The problem: Repeat each line of the material below exactly as it appears, minus any pictures.

Supplied information:
--------
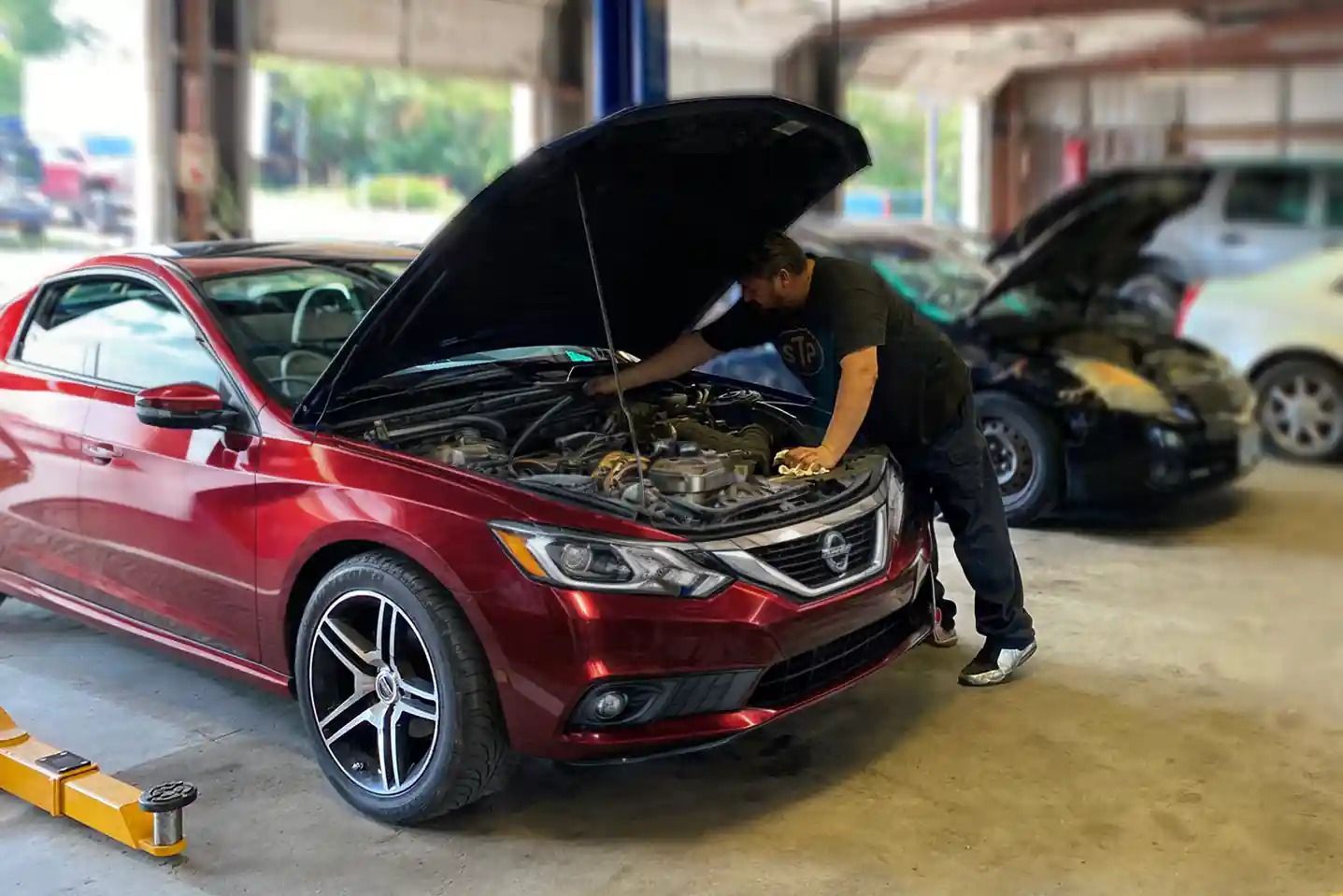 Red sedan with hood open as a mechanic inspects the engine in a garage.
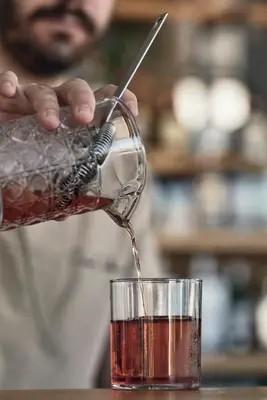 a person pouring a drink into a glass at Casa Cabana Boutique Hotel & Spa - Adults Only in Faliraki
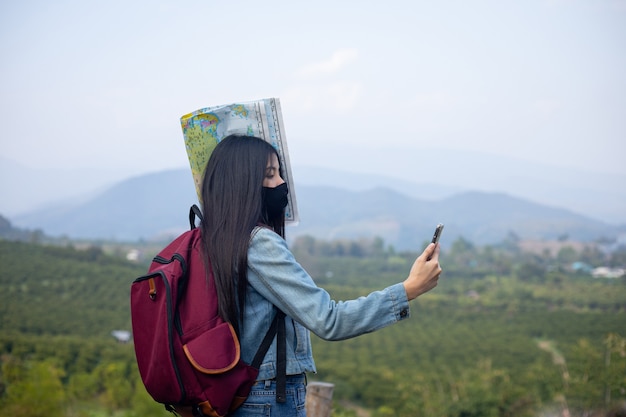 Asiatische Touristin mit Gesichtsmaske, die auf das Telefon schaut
--------
Your response:
 Red sedan with hood open as a mechanic inspects the engine in a garage.
 a person pouring a drink into a glass at Casa Cabana Boutique Hotel & Spa - Adults Only in Faliraki
 Asiatische Touristin mit Gesichtsmaske, die auf das Telefon schaut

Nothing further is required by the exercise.